IL PRIMO OTTOMILA – «Mi sono domandato dove erano i miei limiti, volevo provare a dimostrare che sono molto più in là. Ma non era facile perché ho sempre dovuto lottare con gli infortuni e la fragilità del mio corpo. Il ginocchio è stato operato sette volte, l’ultima in autunno. Poi, proprio dopo la dichiarazione di Messner, mi sono operato al rachide cervicale. Da anni avevo molto dolore, si pensava a un’ernia, ma fino a quando il dolore non è diventato insopportabile i medici erano prudenti a toccare i nervi. Poi si è scoperto che c’era una scheggia di vertebra rotta che pizzicava il nervo, a meno di due millimetri dal midollo. Avrei potuto rimanere paraplegico o tetraplegico. Allora, con il corpo martoriato dagli infortuni, ho pensato a come prepararmi per un ottomila; è stato un percorso non facile. E quel come è passato per la scelta di uno stile pulito (non lo definirei più alpino), senza corde fisse, portatori e ossigeno, ma è passato soprattutto per l’allenamento».
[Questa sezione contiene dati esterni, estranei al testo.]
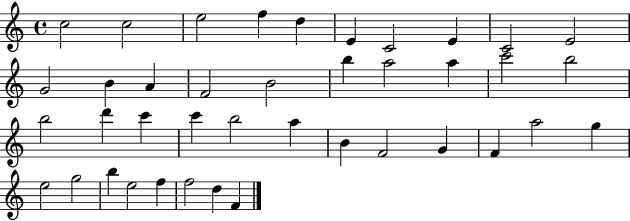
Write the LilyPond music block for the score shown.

{
  \clef treble
  \time 4/4
  \defaultTimeSignature
  \key c \major
  c''2 c''2 | e''2 f''4 d''4 | e'4 c'2 e'4 | c'2 e'2 | \break g'2 b'4 a'4 | f'2 b'2 | b''4 a''2 a''4 | c'''2 b''2 | \break b''2 d'''4 c'''4 | c'''4 b''2 a''4 | b'4 f'2 g'4 | f'4 a''2 g''4 | \break e''2 g''2 | b''4 e''2 f''4 | f''2 d''4 f'4 | \bar "|."
}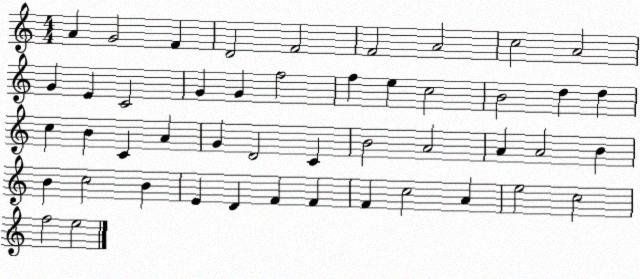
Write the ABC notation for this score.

X:1
T:Untitled
M:4/4
L:1/4
K:C
A G2 F D2 F2 F2 A2 c2 A2 G E C2 G G f2 f e c2 B2 d d c B C A G D2 C B2 A2 A A2 B B c2 B E D F F F c2 A e2 c2 f2 e2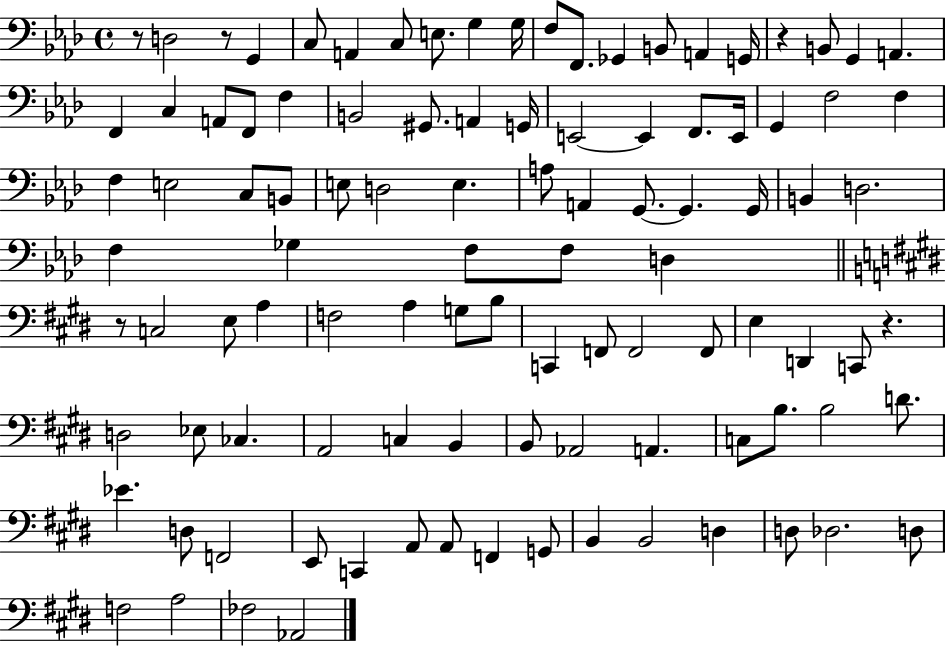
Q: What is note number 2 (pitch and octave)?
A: G2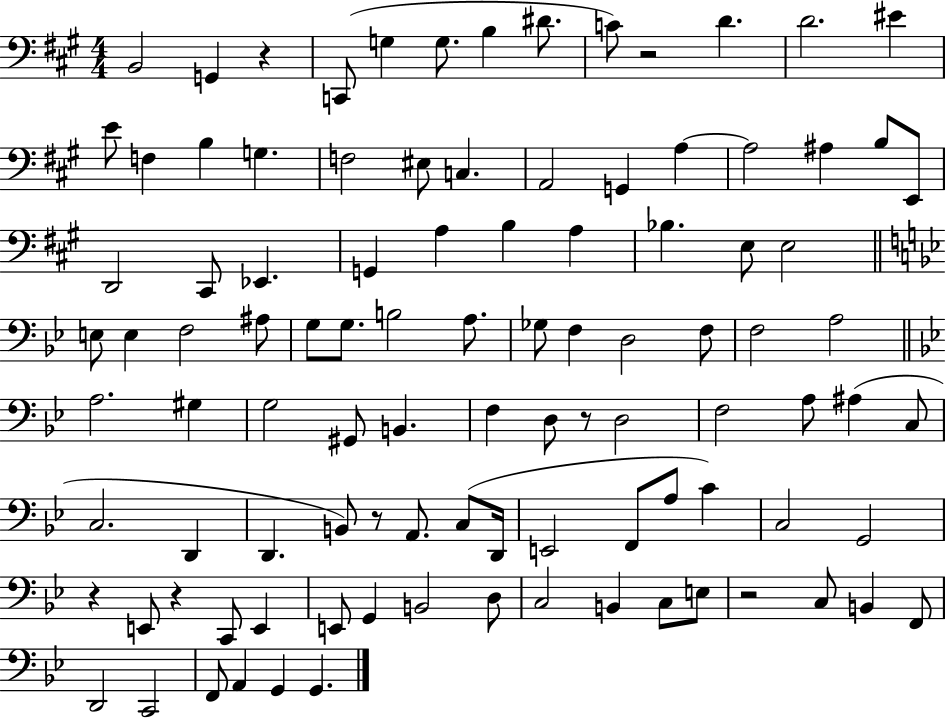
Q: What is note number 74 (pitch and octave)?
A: G2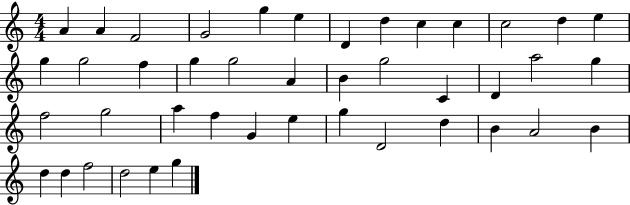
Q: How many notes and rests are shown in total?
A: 43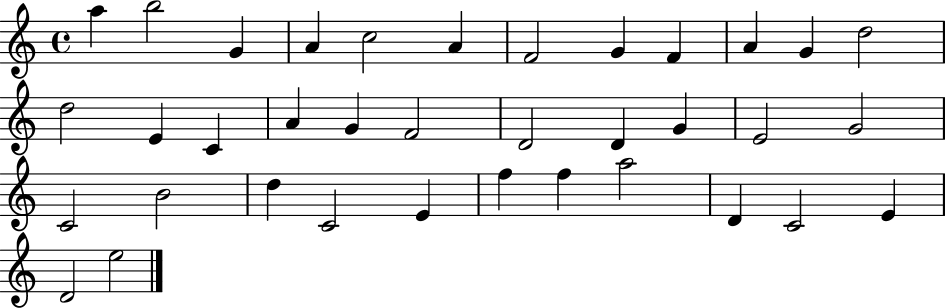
X:1
T:Untitled
M:4/4
L:1/4
K:C
a b2 G A c2 A F2 G F A G d2 d2 E C A G F2 D2 D G E2 G2 C2 B2 d C2 E f f a2 D C2 E D2 e2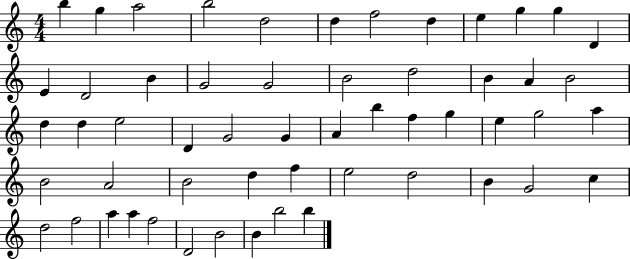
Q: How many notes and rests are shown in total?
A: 55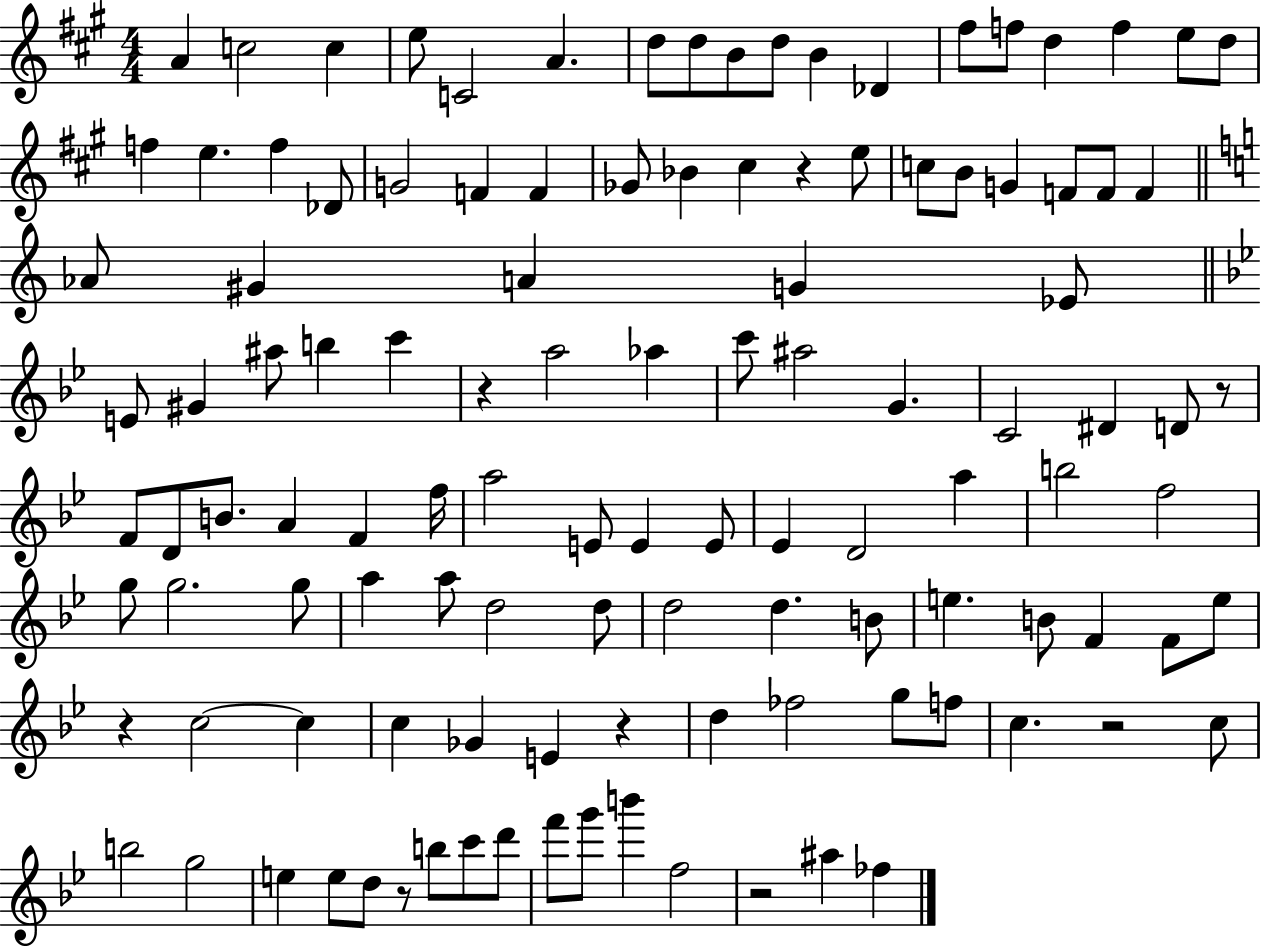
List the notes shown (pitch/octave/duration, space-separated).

A4/q C5/h C5/q E5/e C4/h A4/q. D5/e D5/e B4/e D5/e B4/q Db4/q F#5/e F5/e D5/q F5/q E5/e D5/e F5/q E5/q. F5/q Db4/e G4/h F4/q F4/q Gb4/e Bb4/q C#5/q R/q E5/e C5/e B4/e G4/q F4/e F4/e F4/q Ab4/e G#4/q A4/q G4/q Eb4/e E4/e G#4/q A#5/e B5/q C6/q R/q A5/h Ab5/q C6/e A#5/h G4/q. C4/h D#4/q D4/e R/e F4/e D4/e B4/e. A4/q F4/q F5/s A5/h E4/e E4/q E4/e Eb4/q D4/h A5/q B5/h F5/h G5/e G5/h. G5/e A5/q A5/e D5/h D5/e D5/h D5/q. B4/e E5/q. B4/e F4/q F4/e E5/e R/q C5/h C5/q C5/q Gb4/q E4/q R/q D5/q FES5/h G5/e F5/e C5/q. R/h C5/e B5/h G5/h E5/q E5/e D5/e R/e B5/e C6/e D6/e F6/e G6/e B6/q F5/h R/h A#5/q FES5/q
UELI STECK – «Ci siamo confrontati spesso, anche per progettare le nuove scarpe di Scarpa, ed è curioso come partissimo da due idee di alpinismo diverse, da storie diverse, ma alla fine, quando preparavamo una salita, ragionavamo in modo simile. Discutevamo sempre perché a lui, che arrivava dal mondo dell’arrampicata sportiva, piaceva cimentarsi con il cronometro. Io gli dicevo che non ero sicuro che si parlasse ancora di alpinismo, che per me era esplorazione, ricerca del nuovo. E lui ribatteva chiedendomi se, quando scalavo o mi allenavo, non guardavo l’orologio. E infatti sì, i tempi li controllo, non con l’obiettivo di un record ma della prestazione e dell’allenamento. Mi diceva che la gente lo conosceva per quello che ha fatto sull’Eiger e non sull’Annapurna».